The octopus has evolved over millions of years to develop and adapt its highly sensitive response capability. Retailers have had a few weeks to discover the benefits of a similar approach. Siloed solutions and manual processes cannot cope with the speed and scale needed to survive. As many will have experienced over the last few weeks, simply reporting what has happened can involve huge effort for little reward. Data is an asset, but it must be leveraged to deliver business advantage if it is to be valued. In later blogs I’ll demonstrate how data adds value to specific functions within retail, but for now I’ll share one example of how data can transform a process to create value on the shop floor.

In store bakeries are popular with customers, driving traffic, sales and margin and larger customer baskets. But margin can quickly disappear if too many or too few croissants are baked. One major supermarket, with over 400 in-store bakeries, found it had over 400 different ways of deciding how many items to bake during the day! To reduce waste and increase availability the retailer’s ‘central brain’ built a predictive model using data collected from across the organisation. Running the algorithm for each bakery with local, real-time data on current trading conditions automatically calculates exactly how many croissants bakers should make in each store and when to bake them.  This one algorithm has delivered over 10% in additional sales.

This is the sort of transformation that retailers must embrace – not only knowing what customers in each store want but acting on that knowledge by innovating a way to better meet their needs. Growth-orientated retailers tell us they have three strategic priorities: a hyper-personalised, frictionless  customer experience across all channels; more relevant localised and personalised Customer value propositions; and agile, cost efficient operations that respond to the demands of the modern digital economy. All demand reliable, trusted and real-time data at every point. The retailer of the future will run more than 50 million queries per day. That scale of data: every product in every store, every customer through every channel, 24/7, 365 days a year, means that automation is the only way to act at the speed needed to compete.

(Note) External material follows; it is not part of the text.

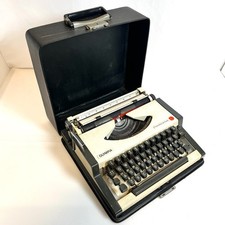 Macchina da scrivere manuale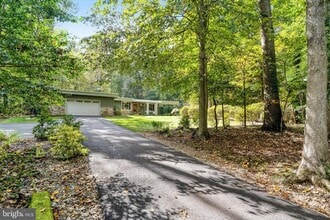 Building Photo - 3416 Barkley Dr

Automating the routine, while managing exceptions and alerts, creates time and space for more strategic analysis so retailers can switch from firefighting to scenario planning and simulation. This literal mind-shift opens the door to more strategic and forward-looking analytics and the use of big data to create new added value activities. Using data to define tomorrow’s opportunities and strategise the best next steps will build an agile business capable of responding to the demands of the modern digital market.

The global pandemic has been a harsh wake-up call for many in retail. Creaking systems, siloed and hard to reach data, and intensive manual processes have all been strained to breaking point. Those that were already set up and using enterprise-wide analytics will have fared better, but even those who have not taken the first steps should now see the urgent need to use data to transform their businesses. Luckily, evolution in retail does not need millions of years, and in the next few weeks I’ll outline how individual roles and functions can rapidly use data to change the way they do business. And you don’t need nine brains to do it.